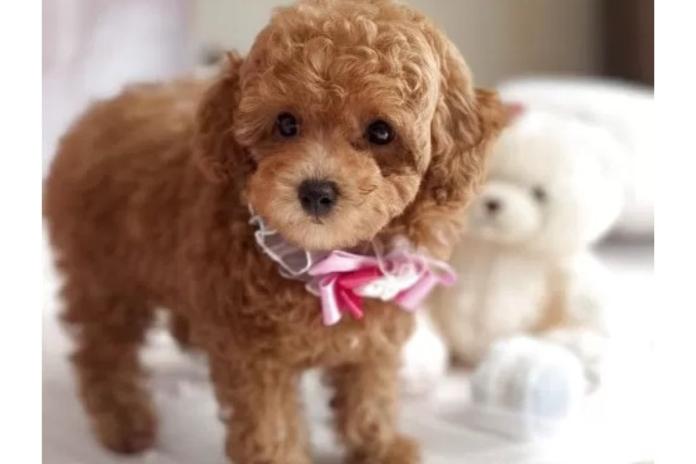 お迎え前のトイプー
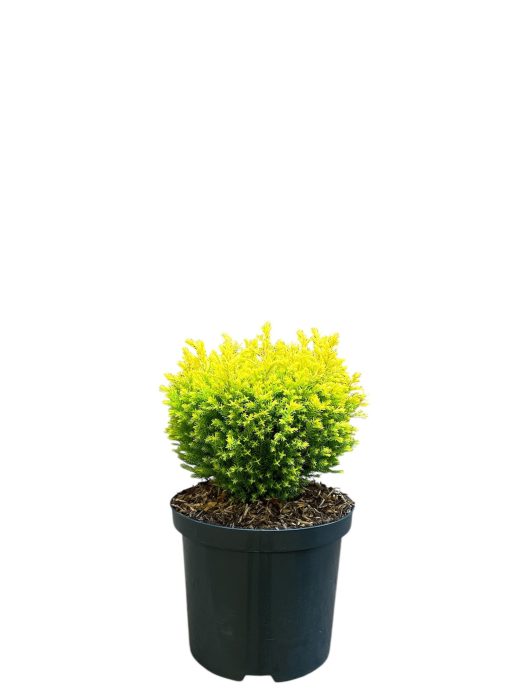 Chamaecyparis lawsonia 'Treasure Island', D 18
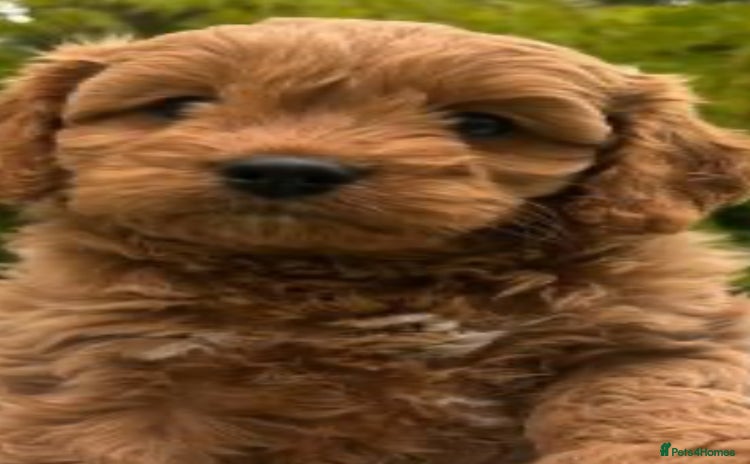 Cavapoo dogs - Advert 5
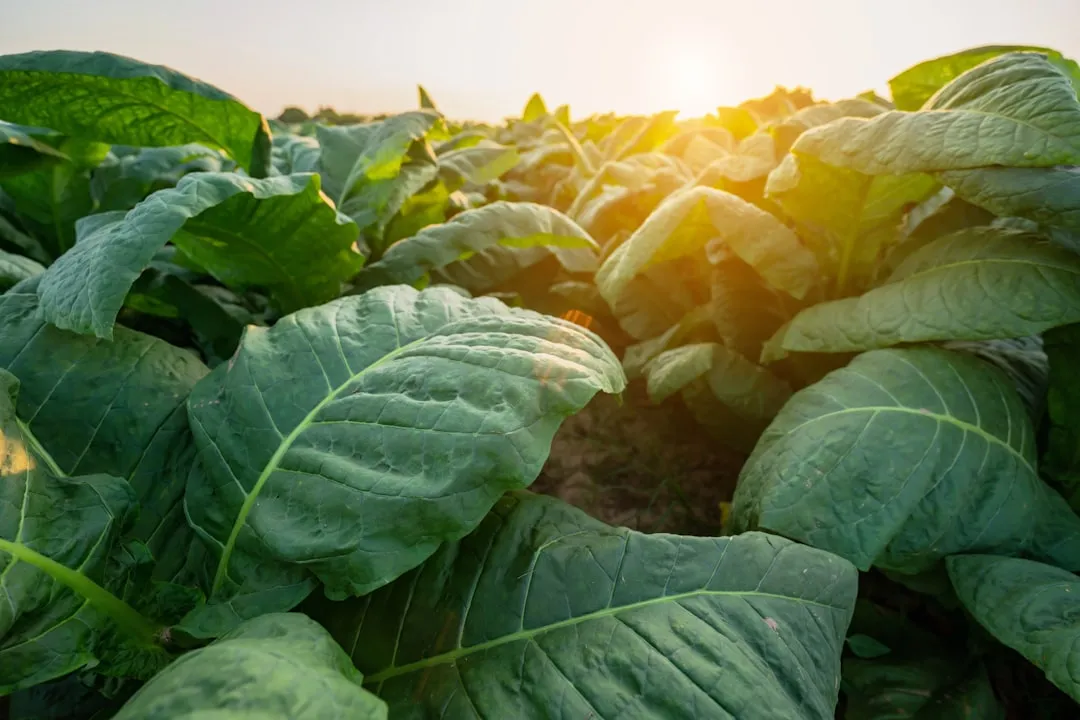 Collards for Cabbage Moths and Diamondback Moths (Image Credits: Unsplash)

- - - - - - -

- **Exercise**
Start with the line that holds "Cavapoo dogs - Advert 5" and retype each line through the last one in the data, exactly and without pictures.

- **Exercise output**
 Cavapoo dogs - Advert 5
 Collards for Cabbage Moths and Diamondback Moths (Image Credits: Unsplash)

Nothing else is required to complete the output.